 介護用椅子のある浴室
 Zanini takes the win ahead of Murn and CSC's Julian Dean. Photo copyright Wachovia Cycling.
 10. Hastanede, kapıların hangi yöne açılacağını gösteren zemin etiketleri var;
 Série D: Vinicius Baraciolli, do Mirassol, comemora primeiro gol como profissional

PROMPT: Transcribe word for word the lines from the one holding "Zanini takes the" to the last line of the listing above, inclusive.

EXERCISE OUTPUT:
 Zanini takes the win ahead of Murn and CSC's Julian Dean. Photo copyright Wachovia Cycling.
 10. Hastanede, kapıların hangi yöne açılacağını gösteren zemin etiketleri var;
 Série D: Vinicius Baraciolli, do Mirassol, comemora primeiro gol como profissional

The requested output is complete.